Check out photos and videos of our speakers and the panel discussion below. Notes, including key takeaways from the Hive’s unrecorded discussion, can be found here.

VIDEOS

Kenji Stoll is a self-employed artist and program administrator for the Tacoma-based youth organization Fab-5. After initially getting involved as a graffiti art student 10 years ago, he now works with a dedicated team to establish opportunities for young people to use their creative visions to build community. Kenji will share how Fab-5 secures the support it needs to address complex community needs through innovative grassroots solutions.

Seattle sound artist and composer Nat Evans creates site-specific events that fuse nature, community and subjectivity of experience, electro-acoustic works for interdisciplinary projects, as well as concert works for chamber ensembles. His work is regularly presented across the United States and has also been presented in Europe, South America, Australia and China. Evans has received numerous commissions including the Seattle Percussion Collective, the Harrison Center for the Arts, The Henry, Odeon Quartet, The City of Tomorrow, Portland Cello Project, ALL RISE, The Box Is Empty, and the Indianapolis Museum of Art, among others.

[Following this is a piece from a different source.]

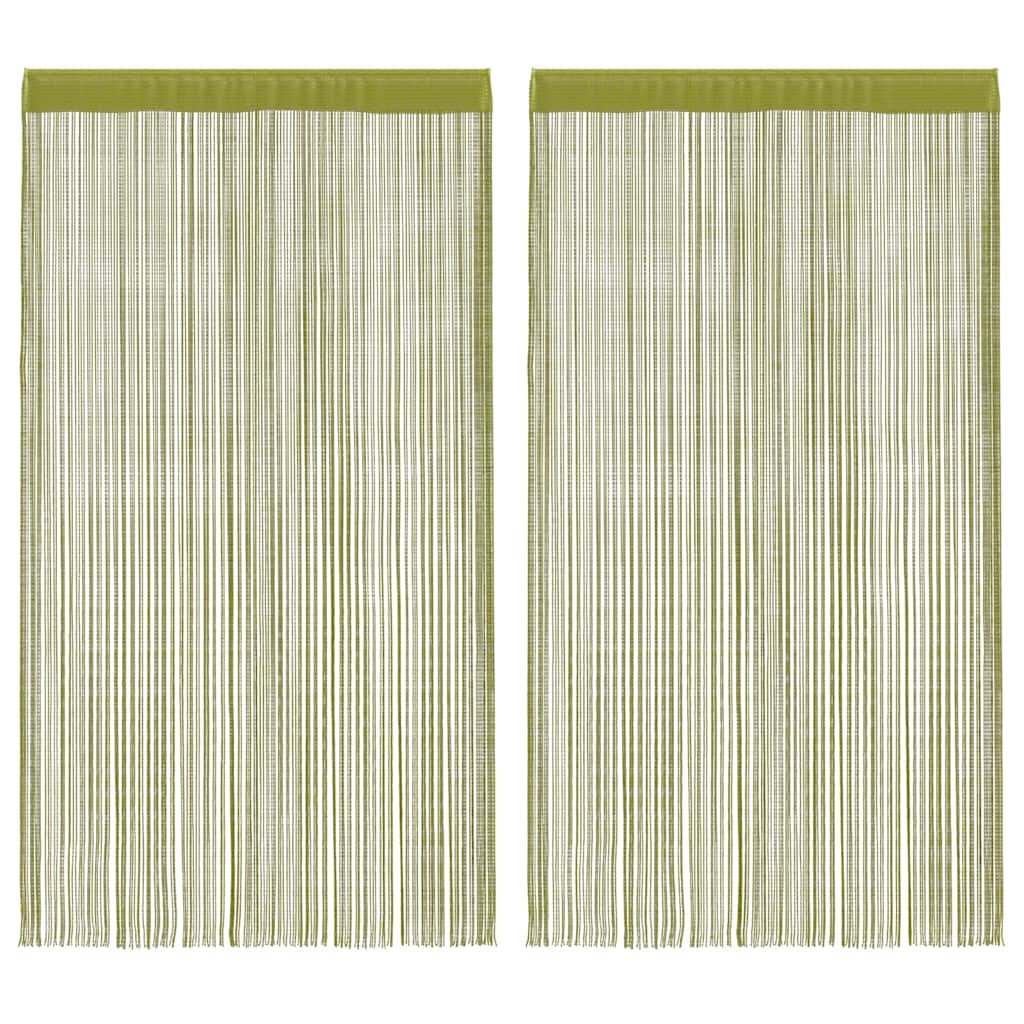 Cortinas de fios 2 pcs 100x250 cm verde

His music has been featured on a number of radio stations in the United States, WNYC’s New Sounds with John Schaefer, as well as BBC3, and in the 2011 Music Issue of The Believer. He studied music at Butler University with Michael Schelle and Frank Felice. Nat will discuss his experience using social media across a few different platforms to successfully fundraise for large one-time projects as well as ongoing financial support.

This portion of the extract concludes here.